The science industry has had well known issues with reproducibility of results in the past few years, but a recent paper from the University of Sydney highlights the scale of the challenge. It reveals that over 25% of biomedical scientific papers deliberately intend to mislead or distort their findings in some way.
The authors conducted a review of 35 already published papers on the topic of ‘spin’ in biomedical research papers. Their meta analysis revealed that over 25% of papers had some kind of spin in them, with the figure rising to a depressing 84% in studies reporting on non-randomized trials.
Types of scientific spin
The researchers identified a wide range of scientific spin, with some of the more popular methods including:
- Making inappropriate claims about statistically non-significant results
- Making inappropriate recommendations for clinical practice that were not supported by study results
- Attributing causality when that was not possible
- Selective reporting, such as emphasizing only statistically significant or subsets of data in the conclusions
- Presenting data in a more favorable light than was warranted, for example writing overly optimistic abstracts, misleadingly describing the study design and under-reporting adverse events.

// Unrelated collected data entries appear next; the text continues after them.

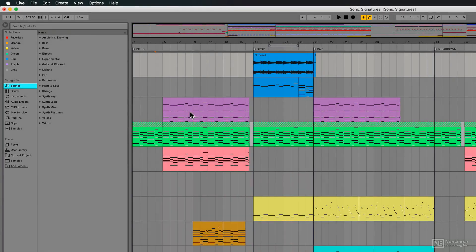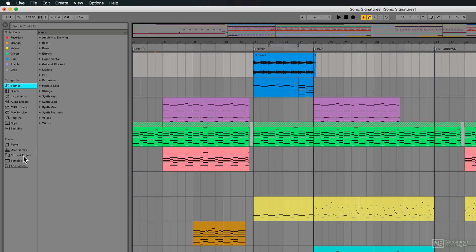Another great new feature added to Ableton Live 10 is the introduction of backups. I have a session open here right now.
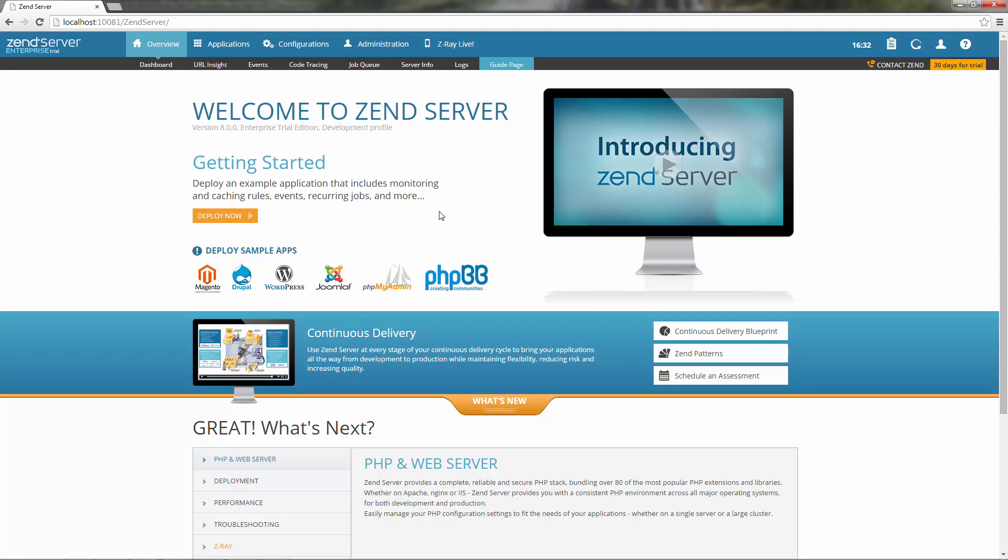What you'll be seeing in this video is how to, in essence, X-ray this code using Z-Ray.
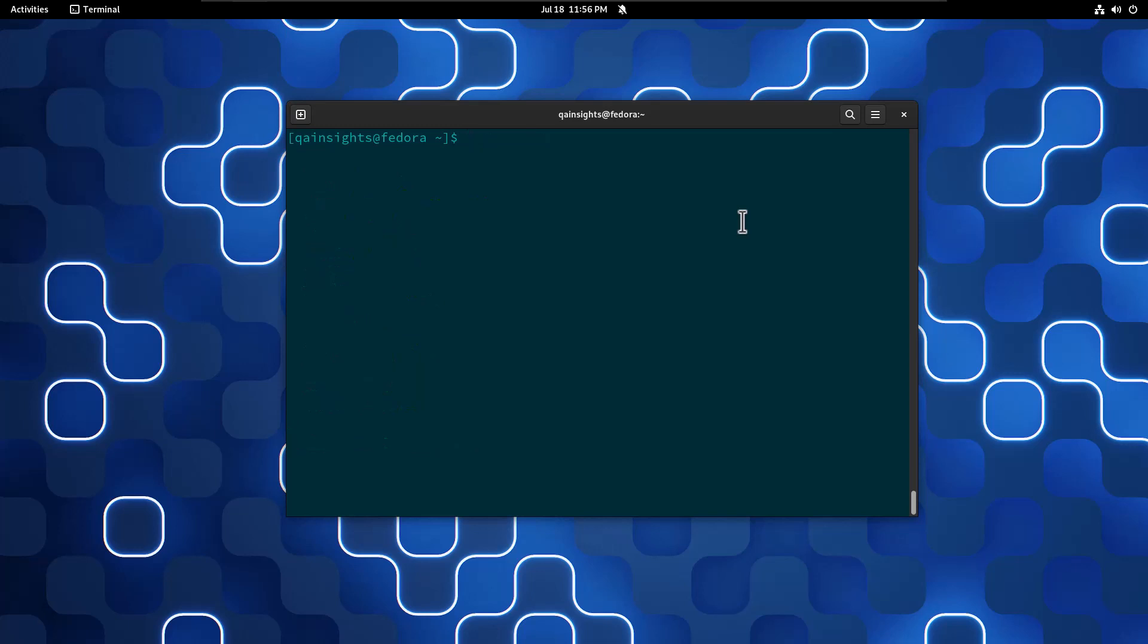Now to install Artillery, you need to use sudo npm install -g for global and type Artillery at latest. This will install the latest version of Artillery.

Whilst spin appeared widespread, the paper was less conclusive as to the reasoning behind such distortions. It wasn’t clear that conflicts of interest were particularly to blame, with local issues involving the researchers themselves, the journals publishing the papers or the research methods used rather than anything more systemic.
“The contribution of research incentives and reward structures – for example financial and reputational – that rely on ‘positive’ conclusions in order to publish and garner media attention is yet to be addressed,” the authors say. “We see an urgent need for further research to determine the institutional or cultural factors that could contribute to such a high prevalence of spin in scientific literature – and to better understand the potential impact of spin on research, clinical practice and policy.”
The authors believe that the whole ecosystem need to be more vigilant in their hunt for spin, whether editors, peer reviewers or the researchers themselves.
“The scientific academic community would benefit from the development of tools that help us effectively identify spin and ensure accurate and impartial portrayal and interpretation of results,” they conclude. “Publishing data alongside multiple interpretations of the data from multiple researchers is one way to be transparent about the occurrence of spin.”